Maybe there weren’t more attempts to tap into this fear because the technology wasn’t there yet to make it realistic. After all, Hugo and Fats, the ventriloquist dummies, and Talky Tina didn’t really come to life on the screen. They might blink or move their head, but the fear was left to our imagination. And while the Zulu doll may have really come to life within Trilogy of Terror, it was primitive, with not much emotion to its features. We knew it was a guy just below the camera pushing it around to make it look real.

'Child's Play' Changed Everything

Child’s Play in 1988 changed everything because here everything we feared broke out of our imagination and actually played out before our eyes. With the great robotic work involved, when Chucky came to life, you saw it. He moved. He had facial expressions. He walked. He talked. After that, there was no coming back. The fear of dolls was here to stay forever.
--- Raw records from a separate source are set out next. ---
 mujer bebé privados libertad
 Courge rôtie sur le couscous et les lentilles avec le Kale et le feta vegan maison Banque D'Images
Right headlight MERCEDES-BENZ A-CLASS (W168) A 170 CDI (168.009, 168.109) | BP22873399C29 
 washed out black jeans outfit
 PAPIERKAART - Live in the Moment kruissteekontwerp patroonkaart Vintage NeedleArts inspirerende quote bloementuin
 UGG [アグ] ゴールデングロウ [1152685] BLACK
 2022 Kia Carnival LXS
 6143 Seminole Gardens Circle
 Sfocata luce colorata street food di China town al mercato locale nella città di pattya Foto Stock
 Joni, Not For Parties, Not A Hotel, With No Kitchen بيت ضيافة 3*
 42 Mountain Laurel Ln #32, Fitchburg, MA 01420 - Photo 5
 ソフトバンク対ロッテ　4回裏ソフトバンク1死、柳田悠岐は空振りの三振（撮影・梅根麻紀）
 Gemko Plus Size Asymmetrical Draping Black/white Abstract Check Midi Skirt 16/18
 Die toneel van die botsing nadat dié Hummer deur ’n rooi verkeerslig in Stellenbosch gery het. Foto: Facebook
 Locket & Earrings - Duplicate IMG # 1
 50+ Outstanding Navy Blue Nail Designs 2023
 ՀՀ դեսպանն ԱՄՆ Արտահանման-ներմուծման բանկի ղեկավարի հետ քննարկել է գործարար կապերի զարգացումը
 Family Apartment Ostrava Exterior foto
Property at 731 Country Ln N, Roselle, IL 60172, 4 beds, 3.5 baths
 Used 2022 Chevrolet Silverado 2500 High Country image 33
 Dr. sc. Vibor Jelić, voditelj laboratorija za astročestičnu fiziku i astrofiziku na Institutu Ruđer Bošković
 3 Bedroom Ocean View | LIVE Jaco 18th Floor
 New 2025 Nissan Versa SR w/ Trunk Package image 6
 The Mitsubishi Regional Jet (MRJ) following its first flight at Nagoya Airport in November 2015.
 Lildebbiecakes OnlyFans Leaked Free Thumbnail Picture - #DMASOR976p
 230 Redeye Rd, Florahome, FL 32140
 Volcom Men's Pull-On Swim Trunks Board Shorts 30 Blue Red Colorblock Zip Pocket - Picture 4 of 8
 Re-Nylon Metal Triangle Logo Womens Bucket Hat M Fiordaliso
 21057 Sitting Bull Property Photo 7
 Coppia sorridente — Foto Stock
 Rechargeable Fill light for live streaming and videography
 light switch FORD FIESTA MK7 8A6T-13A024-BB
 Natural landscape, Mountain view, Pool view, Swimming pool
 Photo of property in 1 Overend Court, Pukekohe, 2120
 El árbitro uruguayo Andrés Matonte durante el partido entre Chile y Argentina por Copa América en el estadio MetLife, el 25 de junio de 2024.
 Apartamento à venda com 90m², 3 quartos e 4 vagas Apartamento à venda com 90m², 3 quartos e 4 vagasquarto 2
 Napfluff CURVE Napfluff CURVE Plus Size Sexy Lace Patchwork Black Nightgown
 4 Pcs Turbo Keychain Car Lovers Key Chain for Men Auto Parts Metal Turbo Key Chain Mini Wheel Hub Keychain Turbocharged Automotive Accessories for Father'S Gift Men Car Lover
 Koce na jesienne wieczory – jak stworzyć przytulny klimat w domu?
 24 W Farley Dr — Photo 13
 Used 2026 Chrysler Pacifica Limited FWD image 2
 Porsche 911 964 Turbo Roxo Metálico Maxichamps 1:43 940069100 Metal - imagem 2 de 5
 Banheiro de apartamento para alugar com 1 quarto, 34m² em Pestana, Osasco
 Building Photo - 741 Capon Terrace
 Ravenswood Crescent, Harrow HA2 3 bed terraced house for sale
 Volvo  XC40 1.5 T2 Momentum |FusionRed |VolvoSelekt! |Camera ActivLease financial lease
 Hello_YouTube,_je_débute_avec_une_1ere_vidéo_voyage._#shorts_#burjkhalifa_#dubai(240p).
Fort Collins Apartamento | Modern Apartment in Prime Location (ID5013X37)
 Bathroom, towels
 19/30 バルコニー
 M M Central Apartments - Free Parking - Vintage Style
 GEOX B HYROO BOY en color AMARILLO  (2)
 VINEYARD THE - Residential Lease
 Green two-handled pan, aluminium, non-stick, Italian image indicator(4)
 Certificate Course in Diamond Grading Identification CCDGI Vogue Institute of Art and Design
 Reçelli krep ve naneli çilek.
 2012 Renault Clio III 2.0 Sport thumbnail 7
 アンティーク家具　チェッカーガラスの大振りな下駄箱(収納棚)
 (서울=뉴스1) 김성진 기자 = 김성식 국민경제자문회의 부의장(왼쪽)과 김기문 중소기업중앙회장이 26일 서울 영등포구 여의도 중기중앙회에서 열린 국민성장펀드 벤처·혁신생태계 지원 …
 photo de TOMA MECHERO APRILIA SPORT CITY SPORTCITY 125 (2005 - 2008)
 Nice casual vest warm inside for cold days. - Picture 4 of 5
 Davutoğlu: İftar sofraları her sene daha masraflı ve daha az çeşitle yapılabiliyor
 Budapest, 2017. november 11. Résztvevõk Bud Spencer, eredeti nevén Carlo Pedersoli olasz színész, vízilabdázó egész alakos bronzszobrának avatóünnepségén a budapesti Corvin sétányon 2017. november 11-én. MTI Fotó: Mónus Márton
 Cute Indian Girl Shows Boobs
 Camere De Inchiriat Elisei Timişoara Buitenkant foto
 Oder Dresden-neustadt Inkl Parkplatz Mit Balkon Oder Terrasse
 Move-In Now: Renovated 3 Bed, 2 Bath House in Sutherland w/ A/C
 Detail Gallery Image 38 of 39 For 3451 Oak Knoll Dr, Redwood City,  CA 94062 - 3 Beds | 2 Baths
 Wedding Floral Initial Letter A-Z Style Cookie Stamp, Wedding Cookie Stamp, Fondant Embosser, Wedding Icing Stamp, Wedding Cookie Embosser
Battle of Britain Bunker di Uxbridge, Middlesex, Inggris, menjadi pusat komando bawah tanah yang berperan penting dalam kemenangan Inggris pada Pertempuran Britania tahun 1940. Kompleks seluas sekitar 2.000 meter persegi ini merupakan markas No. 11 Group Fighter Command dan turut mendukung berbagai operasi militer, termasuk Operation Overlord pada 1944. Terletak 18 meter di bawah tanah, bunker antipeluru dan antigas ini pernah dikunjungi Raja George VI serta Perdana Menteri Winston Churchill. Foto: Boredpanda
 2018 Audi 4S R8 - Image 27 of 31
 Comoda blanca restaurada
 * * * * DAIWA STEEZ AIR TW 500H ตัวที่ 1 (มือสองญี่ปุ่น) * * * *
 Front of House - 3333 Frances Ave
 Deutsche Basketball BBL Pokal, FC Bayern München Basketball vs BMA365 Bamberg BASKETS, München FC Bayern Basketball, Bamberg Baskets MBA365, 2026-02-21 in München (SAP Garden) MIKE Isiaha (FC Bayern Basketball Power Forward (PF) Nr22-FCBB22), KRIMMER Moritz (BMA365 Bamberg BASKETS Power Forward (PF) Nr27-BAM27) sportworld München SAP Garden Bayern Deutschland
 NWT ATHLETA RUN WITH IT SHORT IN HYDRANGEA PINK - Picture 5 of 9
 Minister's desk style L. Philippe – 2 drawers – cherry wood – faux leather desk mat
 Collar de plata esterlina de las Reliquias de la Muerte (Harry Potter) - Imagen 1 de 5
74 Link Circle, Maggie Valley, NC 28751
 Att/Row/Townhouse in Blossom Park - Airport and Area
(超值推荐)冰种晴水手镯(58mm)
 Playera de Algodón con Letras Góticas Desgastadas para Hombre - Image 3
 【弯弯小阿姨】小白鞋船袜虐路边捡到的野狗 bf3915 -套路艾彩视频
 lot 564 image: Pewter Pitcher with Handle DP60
A cop-out for some of our societal ills has been to blame the movies. Here, however, it’s no cop-out. You fear dolls because movies have conditioned you to. We may be born with that fear as well, but humanity had a chance at evolving past the fear. Humanity has evolved past other collective fears over the centuries. This won’t be one of them. You don’t see dolls in happy rom-coms and family friendly movies. It’s in horror where dolls are displayed. So, now, whenever we see a doll, our anxieties immediately go up, because we’ve been programmed to fear them. A doll is not a child’s toy to be hugged and loved. A doll is a humanoid creature that is going to come to life and hide in your closet or under your bed while you sleep. If you have one in your house, it’s probably watching you right now, waiting.